It adds: "The board has concluded in this case that adults should be free to choose whether or not to see the film. The film does not raise issues of harm or sexual violence."

9 Songs was made by Michael Winterbottom, the English director of Jude, Wonderland, Welcome to Sarajevo, In This World and the controversial Dublin-set TV series, Family, written by Roddy Doyle.

As one who gained admission to a Cannes screening of 9 Songs, I have no doubt that it is the most sexually graphic film ever to be passed with a certificate from the Irish censor.

There are nine songs in 9 Songs, the first performed at the Brixton Academy in London, the meeting place for a young Englishman and an American woman who become involved in a passionate sexual relationship.
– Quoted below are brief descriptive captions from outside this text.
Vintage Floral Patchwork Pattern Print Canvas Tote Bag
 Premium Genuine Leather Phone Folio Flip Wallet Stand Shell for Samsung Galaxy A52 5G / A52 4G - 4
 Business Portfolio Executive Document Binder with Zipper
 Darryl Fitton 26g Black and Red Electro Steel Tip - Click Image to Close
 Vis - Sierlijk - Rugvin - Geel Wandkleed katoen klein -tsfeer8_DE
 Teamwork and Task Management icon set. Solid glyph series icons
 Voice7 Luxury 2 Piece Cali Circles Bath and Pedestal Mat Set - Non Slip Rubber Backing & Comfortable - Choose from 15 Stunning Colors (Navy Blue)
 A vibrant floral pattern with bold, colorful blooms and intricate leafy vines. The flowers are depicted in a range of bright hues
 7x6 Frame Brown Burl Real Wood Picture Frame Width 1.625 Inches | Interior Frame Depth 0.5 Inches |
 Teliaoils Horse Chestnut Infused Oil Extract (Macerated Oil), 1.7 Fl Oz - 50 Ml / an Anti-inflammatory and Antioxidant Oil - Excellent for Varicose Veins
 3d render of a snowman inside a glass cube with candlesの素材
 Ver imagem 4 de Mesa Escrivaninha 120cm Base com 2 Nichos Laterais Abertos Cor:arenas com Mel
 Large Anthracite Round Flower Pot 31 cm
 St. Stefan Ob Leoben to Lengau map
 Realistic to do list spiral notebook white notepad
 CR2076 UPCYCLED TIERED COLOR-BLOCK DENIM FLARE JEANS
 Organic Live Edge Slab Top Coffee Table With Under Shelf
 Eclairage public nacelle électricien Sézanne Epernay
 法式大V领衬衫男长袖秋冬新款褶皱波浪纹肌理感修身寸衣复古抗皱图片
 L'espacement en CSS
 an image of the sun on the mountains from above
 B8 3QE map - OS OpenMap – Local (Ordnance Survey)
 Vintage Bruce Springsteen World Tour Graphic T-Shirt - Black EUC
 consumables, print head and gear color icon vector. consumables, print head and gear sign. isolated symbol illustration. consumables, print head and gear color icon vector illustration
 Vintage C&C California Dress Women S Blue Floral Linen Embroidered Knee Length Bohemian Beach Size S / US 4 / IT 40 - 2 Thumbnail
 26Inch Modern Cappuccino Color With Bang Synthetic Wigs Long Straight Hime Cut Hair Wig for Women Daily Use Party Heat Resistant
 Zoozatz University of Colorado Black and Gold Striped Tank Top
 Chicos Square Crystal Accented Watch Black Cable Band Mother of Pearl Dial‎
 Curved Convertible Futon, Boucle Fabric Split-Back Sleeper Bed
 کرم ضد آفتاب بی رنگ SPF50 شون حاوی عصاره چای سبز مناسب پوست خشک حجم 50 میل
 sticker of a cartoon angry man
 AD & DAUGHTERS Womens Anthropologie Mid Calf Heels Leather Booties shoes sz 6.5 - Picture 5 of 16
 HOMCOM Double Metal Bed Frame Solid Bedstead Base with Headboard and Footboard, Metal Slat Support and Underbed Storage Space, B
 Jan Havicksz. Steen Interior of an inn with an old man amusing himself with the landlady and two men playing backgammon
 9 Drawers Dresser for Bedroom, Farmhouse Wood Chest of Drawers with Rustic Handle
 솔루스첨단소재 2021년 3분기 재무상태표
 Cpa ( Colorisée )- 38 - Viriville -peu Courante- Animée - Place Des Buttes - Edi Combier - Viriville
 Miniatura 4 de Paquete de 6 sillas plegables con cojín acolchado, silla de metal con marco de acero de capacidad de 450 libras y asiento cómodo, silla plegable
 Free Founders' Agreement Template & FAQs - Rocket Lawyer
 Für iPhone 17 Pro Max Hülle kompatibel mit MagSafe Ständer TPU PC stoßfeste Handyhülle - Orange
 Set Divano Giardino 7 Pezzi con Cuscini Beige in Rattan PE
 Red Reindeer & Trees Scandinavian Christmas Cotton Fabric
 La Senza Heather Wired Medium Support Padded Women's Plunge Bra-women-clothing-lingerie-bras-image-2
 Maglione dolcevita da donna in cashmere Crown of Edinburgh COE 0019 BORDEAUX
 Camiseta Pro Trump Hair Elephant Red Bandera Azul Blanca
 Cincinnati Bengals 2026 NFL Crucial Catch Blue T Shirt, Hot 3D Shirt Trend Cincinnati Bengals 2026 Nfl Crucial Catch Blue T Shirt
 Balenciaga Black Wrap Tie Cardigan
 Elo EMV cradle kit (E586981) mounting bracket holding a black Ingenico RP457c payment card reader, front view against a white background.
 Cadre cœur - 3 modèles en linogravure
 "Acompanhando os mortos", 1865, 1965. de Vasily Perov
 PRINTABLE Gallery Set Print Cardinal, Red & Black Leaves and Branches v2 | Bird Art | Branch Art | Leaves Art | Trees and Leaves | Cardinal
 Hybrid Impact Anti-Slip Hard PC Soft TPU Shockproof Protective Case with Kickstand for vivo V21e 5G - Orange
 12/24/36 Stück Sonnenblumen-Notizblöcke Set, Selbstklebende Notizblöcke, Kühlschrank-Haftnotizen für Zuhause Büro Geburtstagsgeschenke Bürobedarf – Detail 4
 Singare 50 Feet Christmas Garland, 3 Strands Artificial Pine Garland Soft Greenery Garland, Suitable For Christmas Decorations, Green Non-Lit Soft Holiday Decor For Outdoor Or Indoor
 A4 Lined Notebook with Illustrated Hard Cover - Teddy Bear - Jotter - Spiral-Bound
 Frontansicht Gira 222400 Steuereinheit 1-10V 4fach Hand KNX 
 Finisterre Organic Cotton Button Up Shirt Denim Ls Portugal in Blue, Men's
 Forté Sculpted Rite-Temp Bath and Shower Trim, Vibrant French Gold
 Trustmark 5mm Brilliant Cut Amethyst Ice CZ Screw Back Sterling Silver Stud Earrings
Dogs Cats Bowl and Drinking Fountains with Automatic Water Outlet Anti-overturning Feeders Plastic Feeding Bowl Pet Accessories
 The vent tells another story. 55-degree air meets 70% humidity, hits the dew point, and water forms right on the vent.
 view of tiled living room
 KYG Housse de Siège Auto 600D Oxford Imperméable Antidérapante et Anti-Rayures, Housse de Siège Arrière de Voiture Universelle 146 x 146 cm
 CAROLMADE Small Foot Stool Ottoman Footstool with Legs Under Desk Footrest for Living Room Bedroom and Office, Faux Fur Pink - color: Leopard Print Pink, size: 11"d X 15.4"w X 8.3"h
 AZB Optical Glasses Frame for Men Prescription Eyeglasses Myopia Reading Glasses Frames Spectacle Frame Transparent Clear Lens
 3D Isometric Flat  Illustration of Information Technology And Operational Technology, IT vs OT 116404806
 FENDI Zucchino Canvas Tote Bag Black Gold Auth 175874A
Subsequent concert performances are intercut with footage in which it is clear that none of the sex scenes has been simulated.

Winterbottom throws out the conventions of narrative cinema to concentrate on those elements rarely depicted with any candour in films made outside of pornography - what usually happens off-screen when characters get deeply sexually involved with each other.

There are close-ups of penetration, cunnilingus, fellatio and ejaculation as the two actors immerse themselves in the heat and passion of the characters they portray.

The lovers are played by an inexperienced actress using the pseudonym Margo Stilley, and an English actor from an Irish background, Kieran O'Brien, who had a recurring role as Mark Fitzgerald, the son of the Robbie Coltrane character in Cracker, and also featured in Winterbottom's film, 24 Hour Party People.

The dialogue is minimal in a provocative film more intent in dwelling on the intimacy of a sexual relationship in all its detail.

An Irish release date has yet to be scheduled for 9 Songs.